Keywords: India, intrapartum care, public health care facilities, quality of care, respectful maternity care

How to cite this article:
Raval H, Puwar T, Vaghela P, Mankiwala M, Pandya AK, Kotwani P. Respectful maternity care in public health care facilities in Gujarat: A direct observation study. J Family Med Prim Care 2021;10:1699-705

How to cite this URL:
Raval H, Puwar T, Vaghela P, Mankiwala M, Pandya AK, Kotwani P. Respectful maternity care in public health care facilities in Gujarat: A direct observation study. J Family Med Prim Care [serial online] 2021 [cited 2021 May 18];10:1699-705. Available from: https://www.jfmpc.com/text.asp?2021/10/4/1699/314908

  Introduction Top

Disrespectful care is a barrier to pregnant women and their families accessing public health care services. Literature pertaining to respectful maternity care (RMC) highlighted disrespect and abuse in facility-based childbirth, including physical abuse, nondignified care, nonconsented care, nonconfidential care, discrimination, abandonment of care, and detention in facilities.[1]

RMC is protection from verbal and physical abuse, disrespect, and discrimination during care.[2] It also aims to provide care to child-bearing women with dignity, privacy, and confidentiality.[3] The WHO[4] has acknowledged RMC as a fundamental right of every child-bearing woman and encourages health service provision to all women in a manner that maintains their dignity, privacy, and confidentiality. The WHO's “Recommendation on Respectful Maternity Care” ensures freedom from harm and mistreatment and enables informed choice and continuous support during labor and childbirth. Furthermore, the RMC Charter,[5] developed by the White Ribbon Alliance, defines the universal rights of childbearing women and discusses the rights of childbearing women against disrespect and abuse across seven categories which have been adopted by many developing countries. Recently, the Government of India has adapted RMC under LaQshya to provide dignified care to pregnant women while in the health facility.[6] However, RMC recommendations are often ignored and actions for their implementations are lagged to bring a paradigm change in maternal health practices. Ultimately, the insidious problem of negative interactions with pregnant women accessing health care services continues to exist.

Disrespect and abuse to women during institutional childbirth services is one of the deterrents to the utilization of maternity care services.[7],[8],[9],[10] Mistreatment of women during labor and delivery negatively influences women's decisions to seek future obstetric care at health facilities and violates women's rights.[11],[12] There are limited India studies[11],[13],[14],[15],[16] related to the respectful maternity care and disrespectful and abusive behaviors that pregnant women experience at public health facilities. Further, in the context of the LaQshya program – aimed at ensuring respectful maternity care – that is implemented under National Health Mission in India, it is pertinent to understand to what extent RMC practices have adhered to.
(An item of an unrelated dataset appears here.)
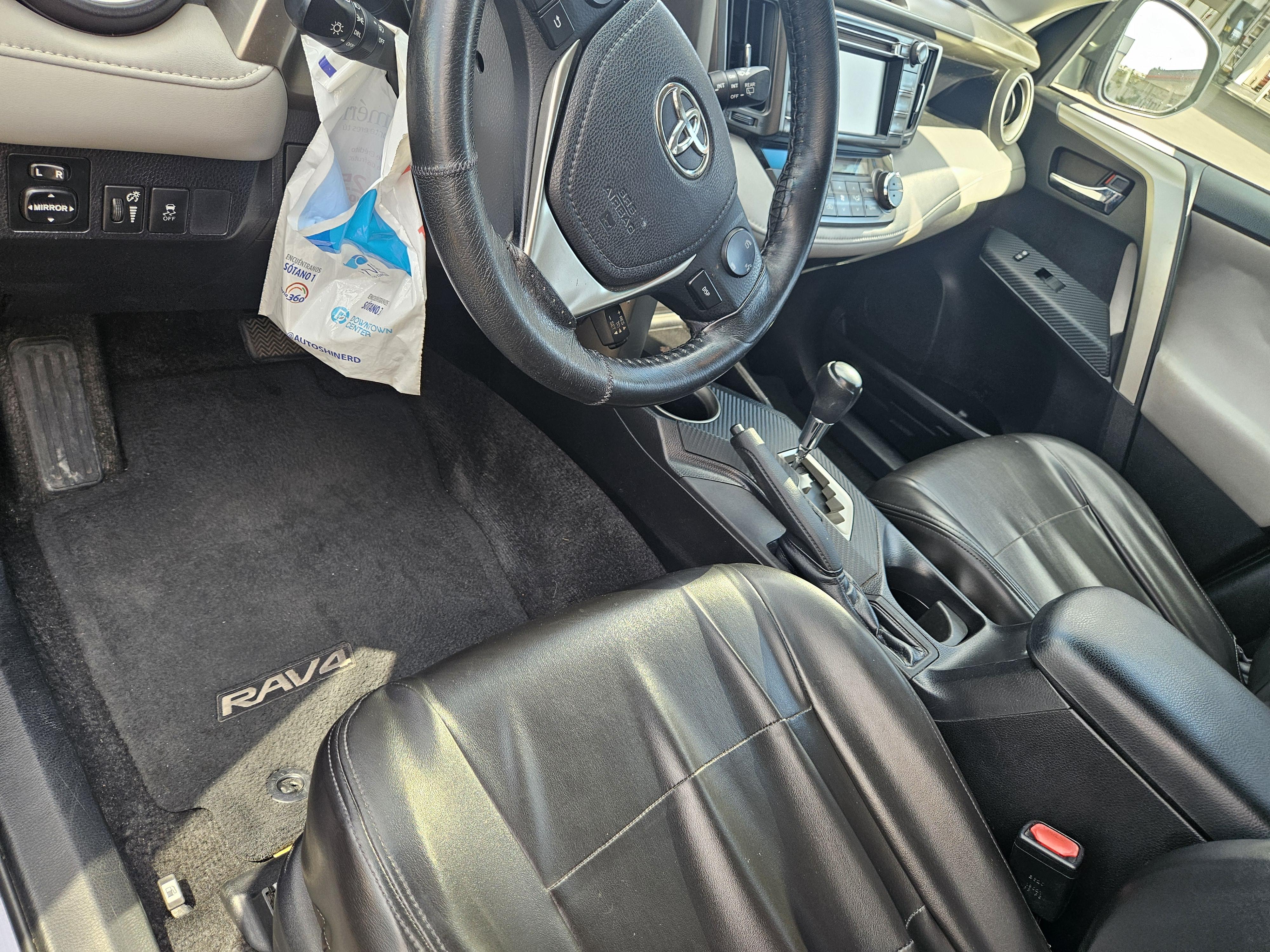 Toyota RAV4 2014 en excelentes condiciones Foto 7249165-7.jpg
The present study assessed the level of RMC practices in three public health care facilities, namely, Primary Health Center (PHC), Community Health Center (CHC), and District Hospital (DH) in one of the districts of the Gujarat state.

  Material and Methods Top

A cross-sectional study was carried out across all three levels of public health care facility i.e., PHC, CHC, and DH of one district in Gujarat. The direct observation method was adopted to assess the delivery of respectful maternity care during the intrapartum period using a standardized tool developed by the United States Agency for International Development (USAID).[2] The respectful maternity care was observed across seven parameters as mentioned below:

  1. Physical harm or ill-treatment.
  2. Right to information, informed consent, and protection of choice or preferences of the women.
  3. Confidentiality and privacy.
  4. Dignity and respect.
  5. Equitable carefree of discrimination.
  6. Whether the woman is left without care.
  7. Whether the woman is detained or confined against her will.

The setting for the present study was the labor room and maternity ward of a selected health care facility providing care during the intrapartum period in one of the districts in Gujarat. The samples for the present study comprised women delivering a child and health professionals of the selected health care facility.

Direct observation of 41 deliveries was conducted in 31 days. The observation of pregnant women started in the second/third stage of the labor and was continued till 2 h after delivery. The first author spent 14 days at DH, 10 days at CHC, and 7 days at PHC for observation of RMC practices. The days spent at each health care facility were proportionally distributed based on the reported delivery load in each facility. All the vaginal deliveries irrespective of the time of delivery were observed during the study period at each facility. The cases of abortion and cesarean section were excluded from the study.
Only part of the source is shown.